Письмо со штампом «международное» пришло неожиданно быстро. Польский историк Еугениуш Иванойко, автор фундаментальных исследований по искусству старого Гданьска, был откровенно заинтригован: «Как видите, спешу с ответом, возможно более исчерпывающим, на какой только способен. В моих работах и розысках в Гданьске я нигде не находил указаний на портретирование короля Августа Второго Никитиным, нет таких сведений и в польских источниках». Но среди известных портретов короля немало безымянных. Почем знать, нет ли в их числе и никитинского холста. Ничего удивительного, если художник и здесь не поставил подписи. Зато потраченное в Гданьске время говорило само за себя. И если Петр не разрешил Никитину ограничиться одним Августом, вторым должен был быть написан герцог Мекленбургский — «сват», как его уже по-родственному назвал в записке царь.

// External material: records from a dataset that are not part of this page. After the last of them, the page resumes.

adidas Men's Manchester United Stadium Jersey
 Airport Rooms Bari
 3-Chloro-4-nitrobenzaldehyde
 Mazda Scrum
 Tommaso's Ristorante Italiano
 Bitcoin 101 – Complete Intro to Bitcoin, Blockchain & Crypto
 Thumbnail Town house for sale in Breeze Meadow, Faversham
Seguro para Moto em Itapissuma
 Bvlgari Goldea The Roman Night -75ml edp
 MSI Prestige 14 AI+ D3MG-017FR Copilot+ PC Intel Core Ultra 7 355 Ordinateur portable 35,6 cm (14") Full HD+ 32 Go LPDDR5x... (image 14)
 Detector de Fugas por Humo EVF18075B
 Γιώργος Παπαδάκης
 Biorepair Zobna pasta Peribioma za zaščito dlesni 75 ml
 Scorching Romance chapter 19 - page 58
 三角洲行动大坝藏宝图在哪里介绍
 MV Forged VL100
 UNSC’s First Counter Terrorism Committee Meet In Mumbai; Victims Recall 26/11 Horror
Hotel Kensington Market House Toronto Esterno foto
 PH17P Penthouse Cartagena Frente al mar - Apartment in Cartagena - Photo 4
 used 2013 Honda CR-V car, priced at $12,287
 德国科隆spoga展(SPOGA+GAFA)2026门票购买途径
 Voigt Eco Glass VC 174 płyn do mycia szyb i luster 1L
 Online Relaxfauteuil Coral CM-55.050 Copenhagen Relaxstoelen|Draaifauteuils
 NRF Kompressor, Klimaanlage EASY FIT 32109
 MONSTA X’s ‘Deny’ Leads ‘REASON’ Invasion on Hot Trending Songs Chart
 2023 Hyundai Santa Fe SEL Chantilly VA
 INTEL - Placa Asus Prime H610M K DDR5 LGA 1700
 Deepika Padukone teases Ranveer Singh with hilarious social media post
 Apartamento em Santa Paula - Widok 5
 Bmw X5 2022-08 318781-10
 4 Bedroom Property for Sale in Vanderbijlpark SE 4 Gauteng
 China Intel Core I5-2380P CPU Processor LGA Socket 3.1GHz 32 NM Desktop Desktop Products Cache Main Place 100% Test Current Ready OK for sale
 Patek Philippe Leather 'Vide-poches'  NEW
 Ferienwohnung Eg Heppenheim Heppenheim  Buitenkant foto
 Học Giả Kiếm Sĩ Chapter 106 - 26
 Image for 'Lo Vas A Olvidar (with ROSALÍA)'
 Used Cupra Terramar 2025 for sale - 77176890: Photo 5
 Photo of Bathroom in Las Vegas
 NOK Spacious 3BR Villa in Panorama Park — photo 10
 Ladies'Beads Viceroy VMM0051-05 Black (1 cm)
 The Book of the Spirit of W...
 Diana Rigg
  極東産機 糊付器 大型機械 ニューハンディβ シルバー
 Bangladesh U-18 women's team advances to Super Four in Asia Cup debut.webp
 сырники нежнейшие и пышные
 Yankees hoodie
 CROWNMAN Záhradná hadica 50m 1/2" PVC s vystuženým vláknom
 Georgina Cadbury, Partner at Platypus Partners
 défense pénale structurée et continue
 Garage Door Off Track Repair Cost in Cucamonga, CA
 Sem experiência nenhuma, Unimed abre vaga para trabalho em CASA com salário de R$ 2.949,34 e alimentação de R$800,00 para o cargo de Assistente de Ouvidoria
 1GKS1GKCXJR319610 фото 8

30 апреля выплачиваются деньги портретисту, первого мая Петр выезжает из Гданьска на Столн — Дам — Штетин. Пути царской поездки пересекаются прихотливыми стежками — вперед, в сторону, назад, снова вперед. У кабинет-секретаря едва хватает времени заносить в свои записи названия городов, рек, переправ, расходов. Торг за лошадей, подводы, колесную мазь, прохудившуюся сбрую и никакого упоминания, что стало с живописцем Иваном: уехал, остался при дворе, который на полтора месяца задерживается при Екатерине в Штетине, или колесит вместе с маленькой петровской свитой. Нейбранденбург — Гастров — Шверин — день в Висмаре — встреча с датским королем в Гамбурге — Ганновер — две недели на водах Пирмонта — снова Ганновер — Шверин и, наконец, встреча с Екатериной и остальным двором в Ростоке.

Никитин не уехал. Доказательство строится просто. Ехал он при «российском агенте»: отдельная дорога была слишком сложна, и опасна, тем более для человека, впервые выезжающего в западные страны. Но из Венеции, куда направлялся Беклемишев, не поступает никаких донесений вплоть до декабря 1716 года. Невозможно предположить, чтобы путь от Штетина до Северной Италии занял без малого восемь месяцев. Письма из Венеции в Петербург шли месяц, товары сухим путем — не больше двух с половиной.

Впрочем, Петру и не имело смысла торопить Беклемишева. Его миссия зависела от успеха проводившихся переговоров, они должны были продиктовать секретные указания послу в Ватикане Савве Рагузинскому, которые предстояло доставить тому же «российскому агенту». Логика событий подсказывает, что Беклемишев со своими спутниками получил «отпуск» после встречи Петра в Амсфорте с полномочным послом Куракиным и резидентом Брантом 2 декабря 1716 года.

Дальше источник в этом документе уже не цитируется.